WORK TO COMPLETE: Take the line containing "Lisbon City Center" through the last line of the data and retype those lines exactly. Pictures do not belong in the copy.

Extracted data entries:
◇ ◇ ◇ ◇

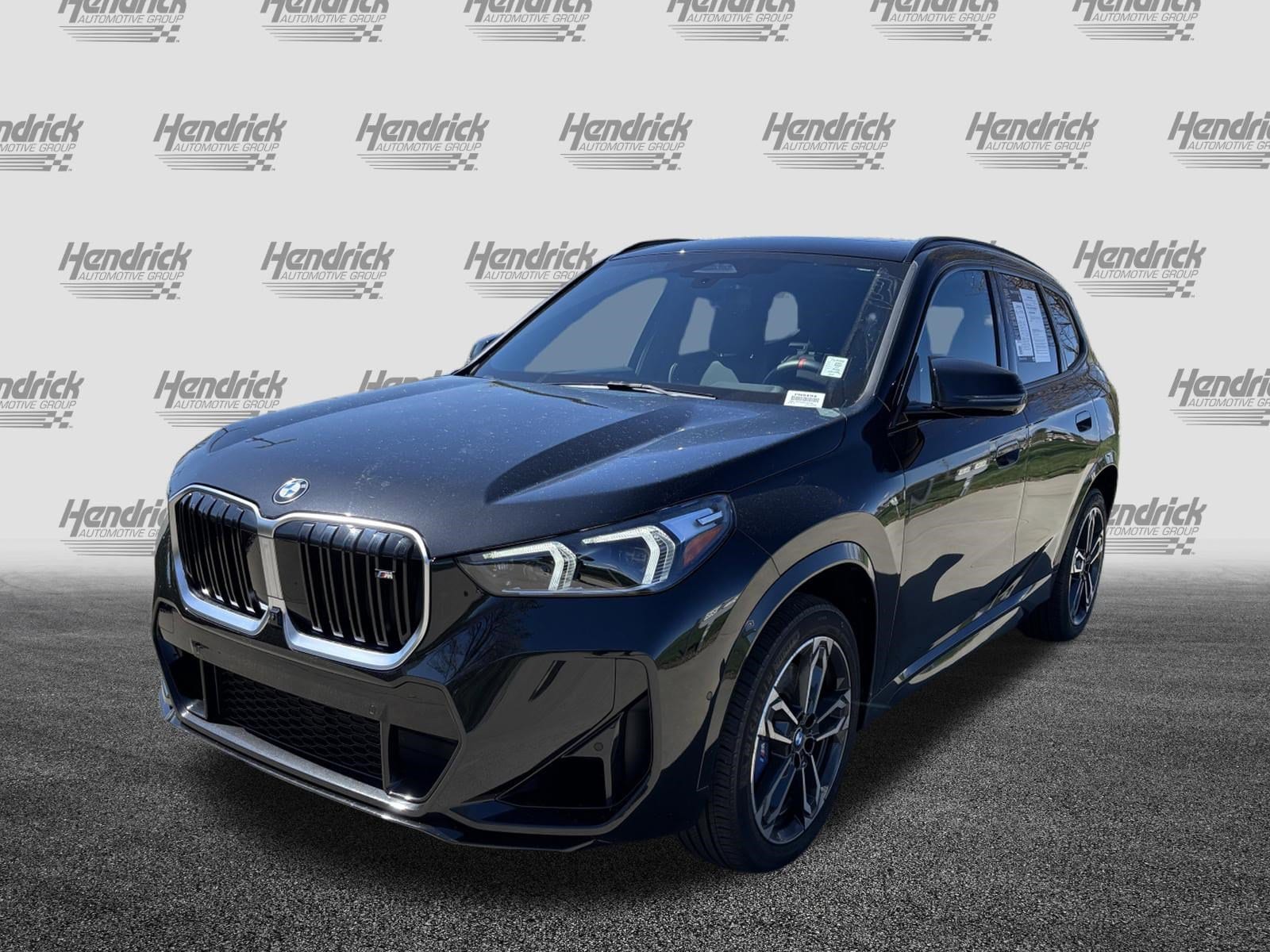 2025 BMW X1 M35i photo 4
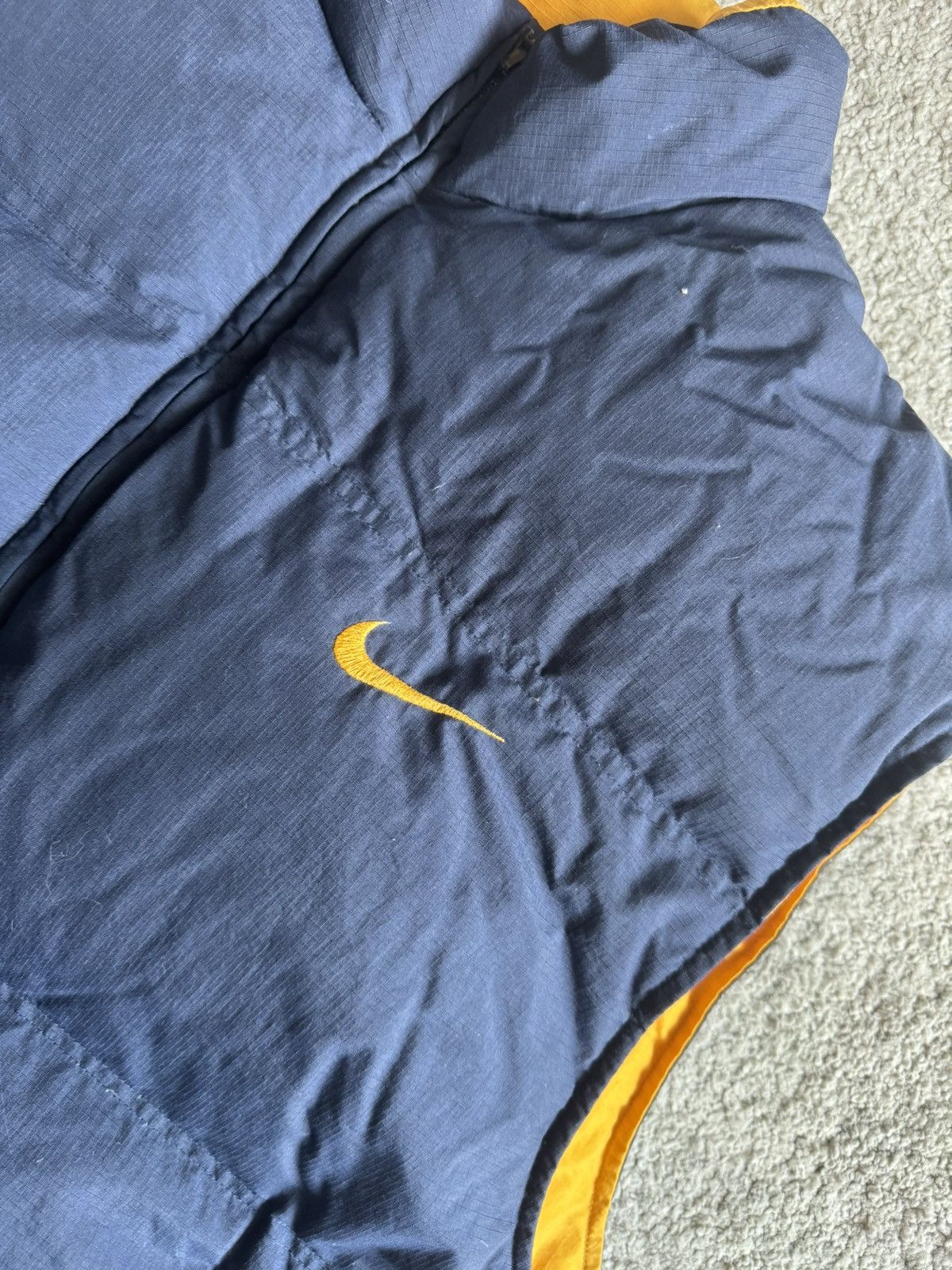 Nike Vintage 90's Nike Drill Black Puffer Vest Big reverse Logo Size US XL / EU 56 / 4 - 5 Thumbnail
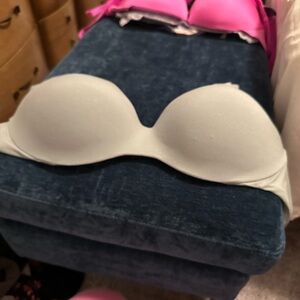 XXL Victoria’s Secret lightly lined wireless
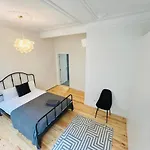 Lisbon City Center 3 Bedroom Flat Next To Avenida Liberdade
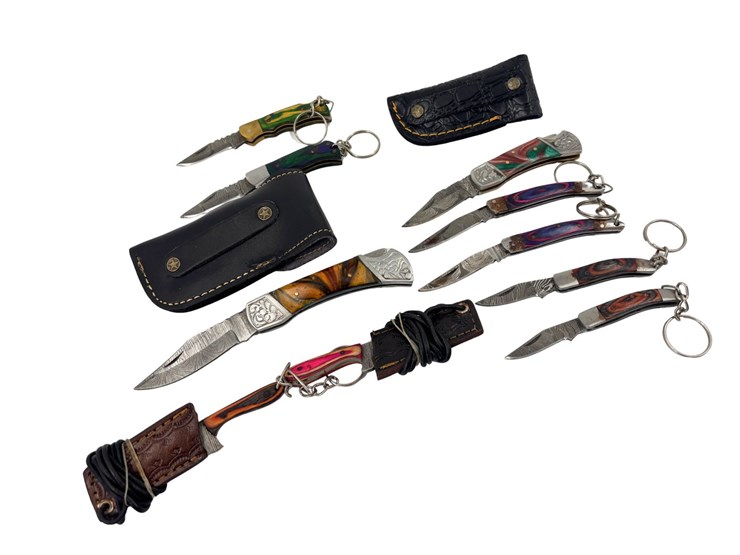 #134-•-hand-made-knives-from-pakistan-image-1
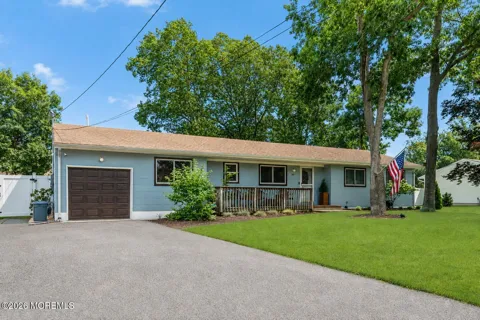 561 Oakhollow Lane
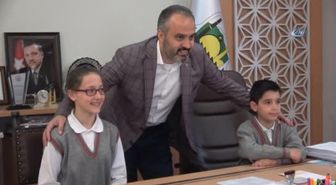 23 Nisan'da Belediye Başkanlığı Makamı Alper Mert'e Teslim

◇ ◇ ◇ ◇

SOLVED EXERCISE:
 Lisbon City Center 3 Bedroom Flat Next To Avenida Liberdade
 #134-•-hand-made-knives-from-pakistan-image-1
 561 Oakhollow Lane
 23 Nisan'da Belediye Başkanlığı Makamı Alper Mert'e Teslim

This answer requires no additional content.